Environment Variables and Secrets#

SkyPilot supports environment variables (envs) and secrets (secrets). Use environment variables to pass non-sensitive configuration to your tasks, and use secrets to pass sensitive values.

In addition to User-specified environment variables and secrets, SkyPilot also exposes several SkyPilot native environment variables, which contain information about the current cluster and task.

User-specified environment variables and secrets#

User can specify either environment variables (for non-sensitive configuration values) or secrets needed for your tasks:

  • Environment variables are available in file_mounts, setup, and run.

  • Secrets are available in setup and run.

You can specify environment variables and secrets to be made available to a task in several ways:

  • envs and secrets fields (dict) in a task YAML:

    envs:
      MYVAR: val
    
    secrets:
      HF_TOKEN: null
      WANDB_API_KEY: null
    
  • --env and --secret flags in sky launch/exec CLI (takes precedence over the above)

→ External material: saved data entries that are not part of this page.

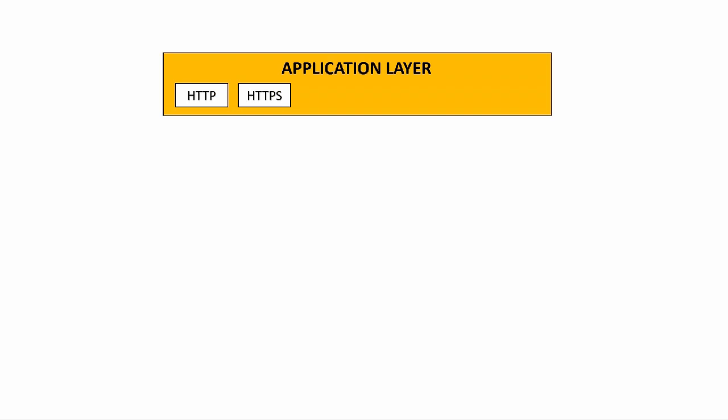Now we'll have a look at some of the email application protocols. SMTP stands for Simple Mail Transfer Protocol and this defines how email messages are sent between servers.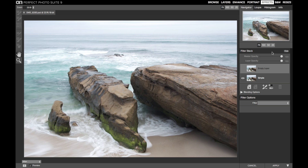Hi everybody, this is Scott, and today I'm talking about the Master Opacity slider in Perfect Effects. Prior to Perfect Photo Suite 9, I ignored Master Opacity in Effects — never used it. But now, with the Smart Photos feature, I'm glad this slider is there.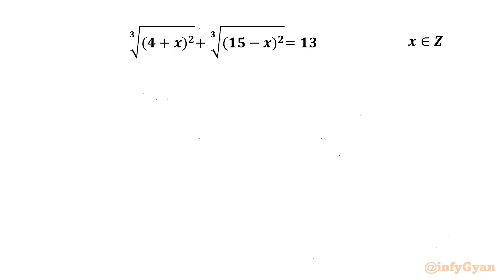Welcome to Infigyan, my dear friends. In this video we are going to solve one very interesting radical equation for integer values of x. So let's get it started.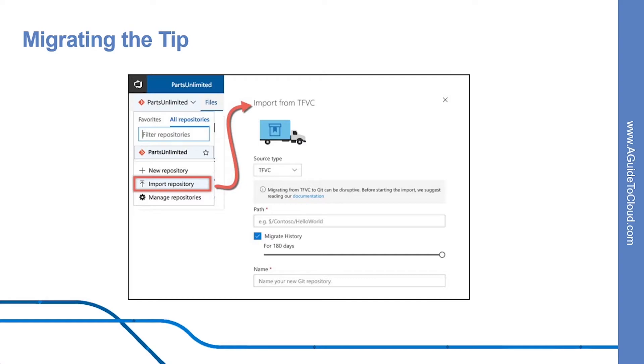You can click on Import Repository from Azure Repos, then enter the path to the branch you are migrating and select if you want history or not. You can keep up to 180 days of history. Add a name for the repo and the import will be triggered.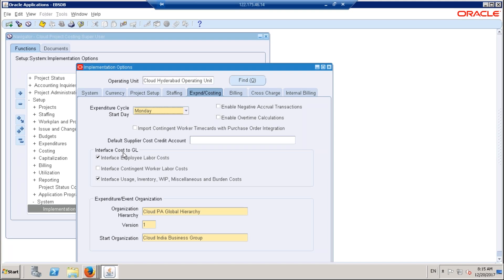Where exactly you want to restrict the system — for example, if you don't want to transfer employee labor cost to the GL, this option should remain unchecked. The second option 'interface contingent worker labor costs' — I'm not going with this, and I'm not going to transfer any cost related to contract employee integration with PeopleSoft either. These are the different kinds of transactions within projects, and we name them as pre-approved batches — that is one more term within projects.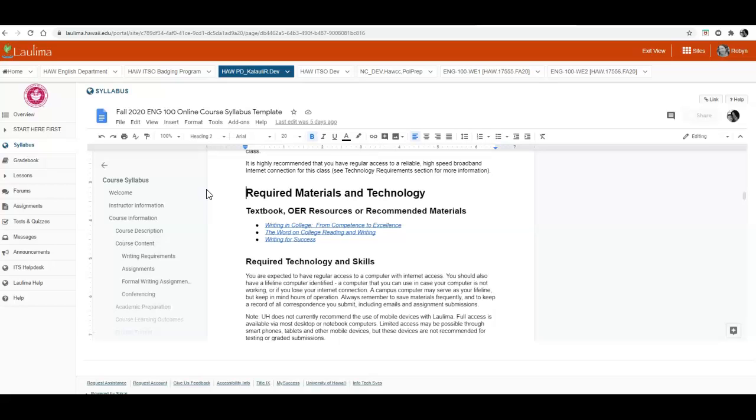There is a quiz on the syllabus, so you need to read it before you take the quiz. If you have any questions about any of the information contained within the syllabus, please let me know. Thank you.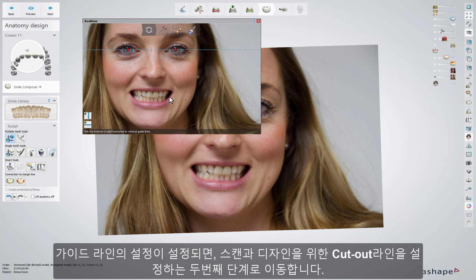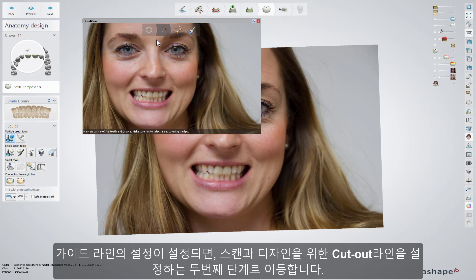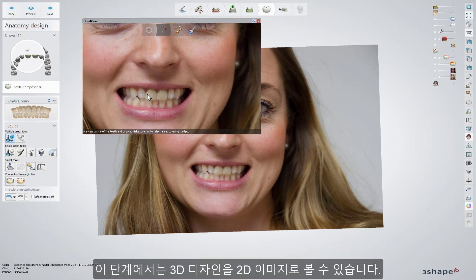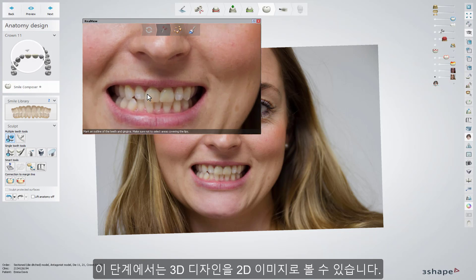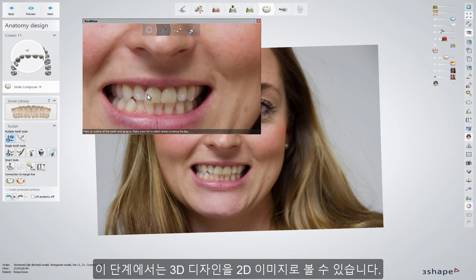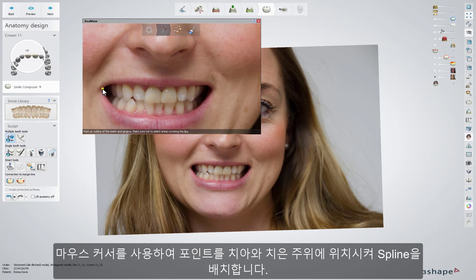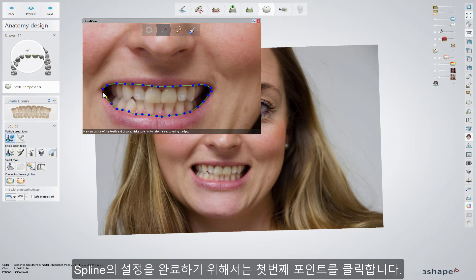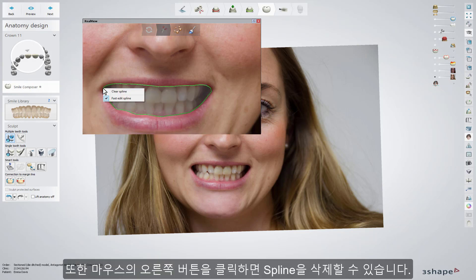When the guidelines have been set, you can move to the second step, which is setting the cut-out line for scan and design. This enables your 3D design to be seen as a 2D image. Click on the second step and place the spline around the teeth and gingiva by placing the control points with the cursor. To close the spline, click on the first point. Right-clicking on the spline gives the option to clear it.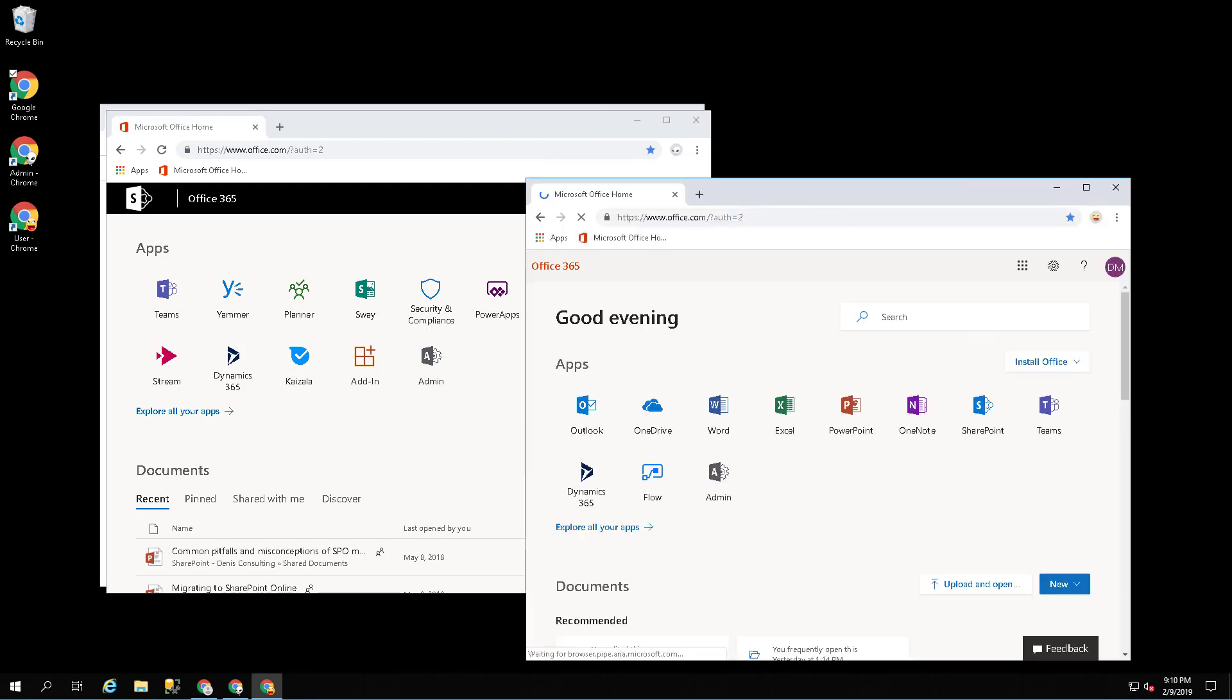This is a better alternative to using multiple browsers or incognito mode. Profile manager is a must-have tool for any work that involves multiple accounts.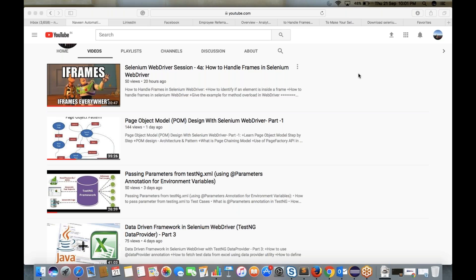Hello guys, welcome to Selenium training. This is Naveen here. Today I'm going to cover one topic in Selenium called headless browser — what is the concept of headless browser, and what is the concept of HTMLUnit driver class in Selenium. It's not important from a project point of view, but it's really important for interview purposes. They will ask you how to run your script without opening the browser.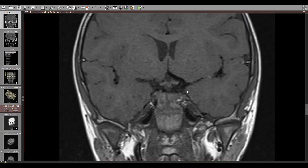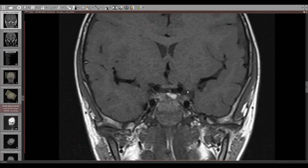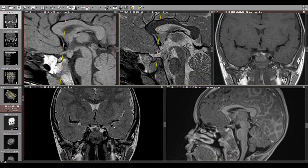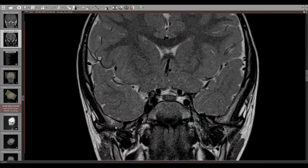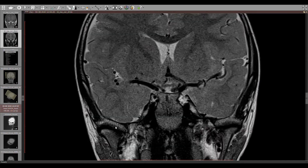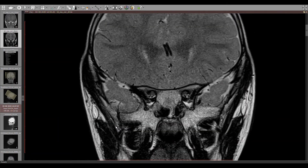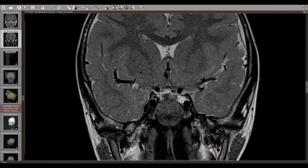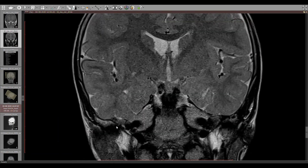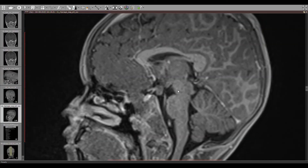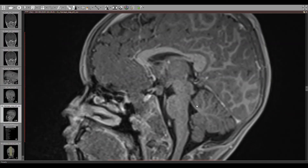Momentarily, we see the stalk and the pituitary gland. Coronal T2-weighted images again show that the lesion is iso-intense. Post-contrast, there is no enhancement within the lesion.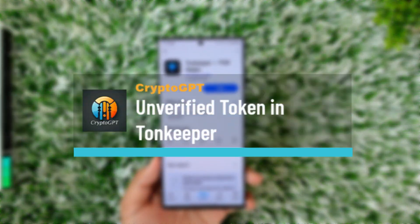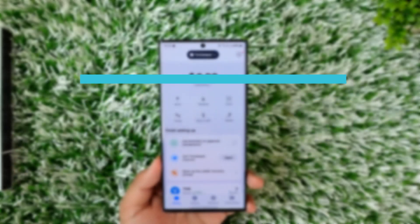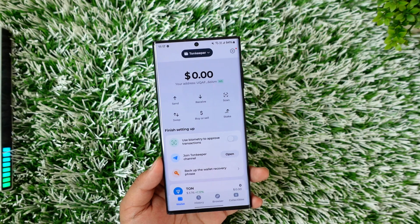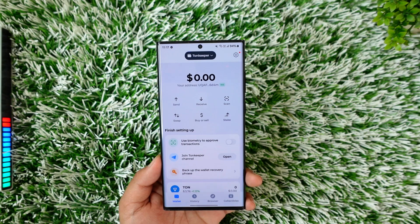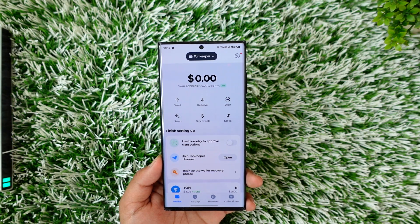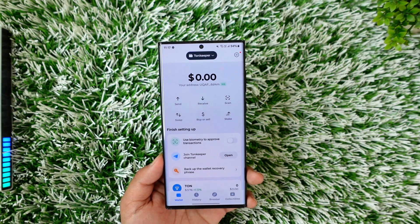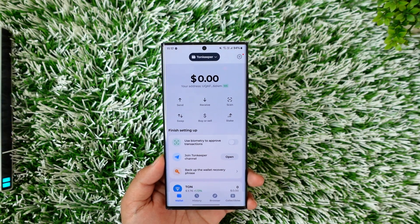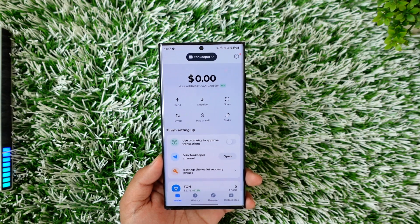Unverified Token in ToneKeeper. Whenever you're trying to use ToneKeeper or ToneWallet, you're getting a message or a popup that says Unverified Token. First of all, we have to understand what this is. An unverified token in ToneKeeper means a token that hasn't been officially confirmed by the platform as legitimate, indicating that its authenticity and details haven't been fully verified by reliable sources, potentially raising concerns about its legitimacy and safety for use.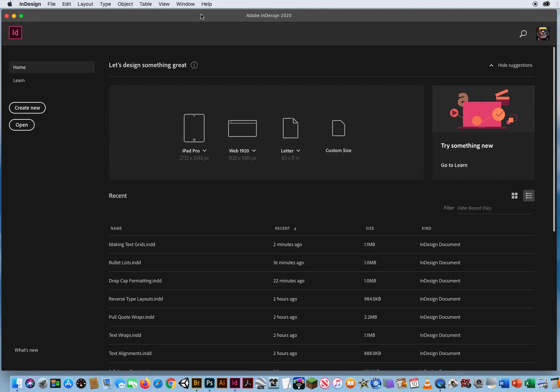In a couple of previous tutorials I talked about gridify, and what I want to do is show you how to use the gridify option with text frames.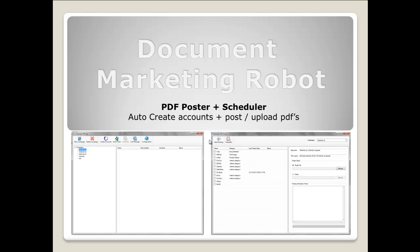That's a quick overview of what Document Marketing Robot does. In the next videos we will go into detail on the PDF poster, the PDF generator, and the promoter tools to show exactly how these are used.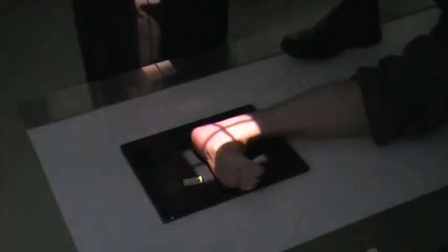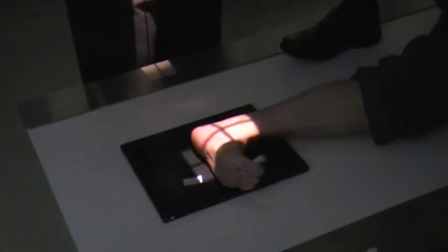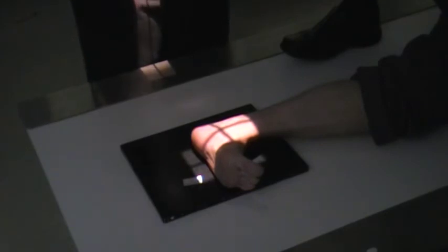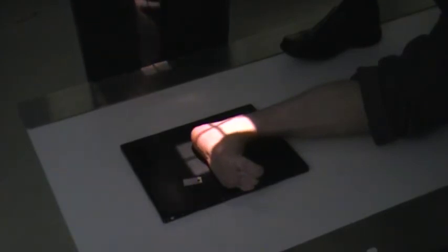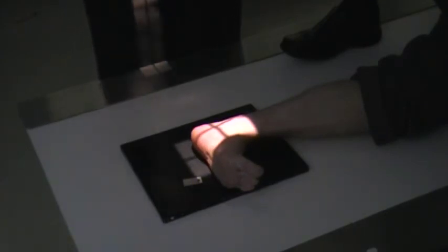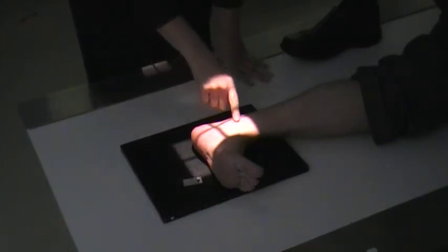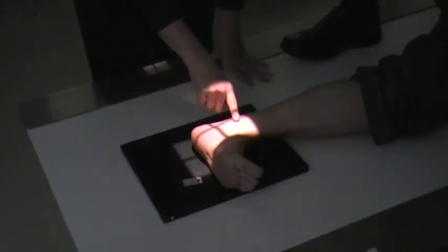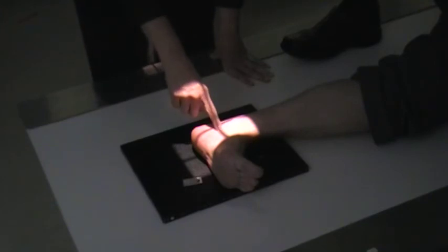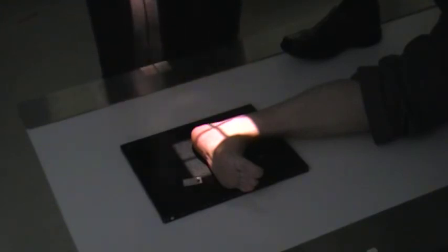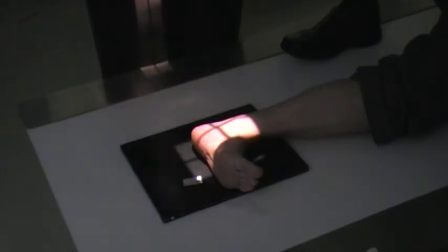Next, I'm going to do the lateral for the calcaneus. You have your foot on the lateral surface. From the medial malleolus, you're going to have your central ray come down approximately one inch.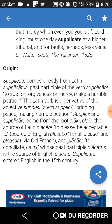Supplicate comes directly from the Latin supplicatus, past participle of the verb supplicare — to sue for forgiveness or mercy, make a humble petition. The Latin verb is a derivative of the adjective supplex, stem supplic.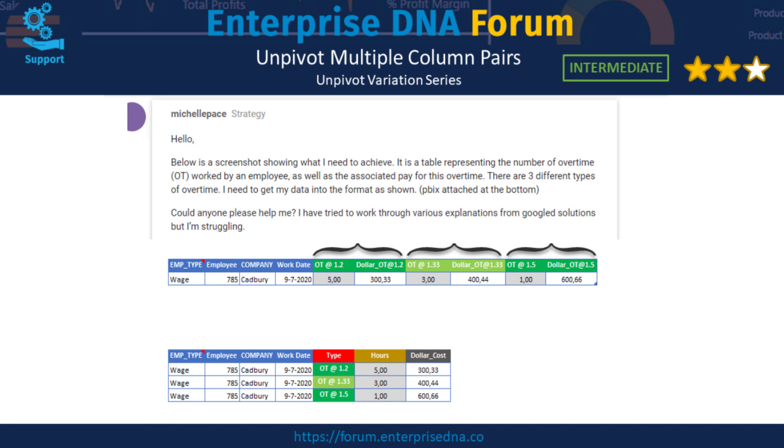Now there's several ways to achieve this but I'm going to share with you a solution that uses a powerful M function that's not available through the ribbon called list.zip. So let's examine how that works.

    $ sky launch --env MYVAR=val --secret HF_TOKEN task.yaml
    
  • --env-file flag is only available for environment variables in sky launch/exec CLI, which is a path to a dotenv file (takes precedence over the above):

    # sky launch example.yaml --env-file my_app.env
    # cat my_app.env
    MYVAR=val
    LEARNING_RATE=1e-4
    

The file_mounts, setup, and run sections of a task YAML can access the variables via the bash syntax ${MYVAR}.

Passing secrets#

We recommend passing secrets to any node(s) executing your task by first making it available in your current shell, then using --secret SECRET to pass it to SkyPilot.

All secret values are redacted in the SkyPilot dashboard, so they won’t be visible to other users in your team sharing the same SkyPilot API server.

$ sky launch -c mycluster --secret HF_TOKEN --secret WANDB_API_KEY task.yaml
$ sky exec mycluster --secret HF_TOKEN --secret WANDB_API_KEY task.yaml

Tip

To mark an environment variable or secret as required and make SkyPilot forcefully check its existence (errors out if not specified), set it to null in the task YAML. For example, LEARNING_RATE, HF_TOKEN, and WANDB_API_KEY in the following task YAML are marked as required:

envs:
  BATCH_SIZE: 32
  LEARNING_RATE: null

secrets:
  HF_TOKEN: null
  WANDB_API_KEY: null

Tip

You do not need to pass the value directly such as --secret WANDB_API_KEY=1234 or --env BATCH_SIZE=32. When the value is not specified (e.g., --secret WANDB_API_KEY or --env BATCH_SIZE), SkyPilot reads it from local environment variables.

Using in file_mounts#

User-specified environment variables (envs) are available in the file_mounts section of a task YAML, so that you can use environment variables to customize the bucket names, local paths, etc.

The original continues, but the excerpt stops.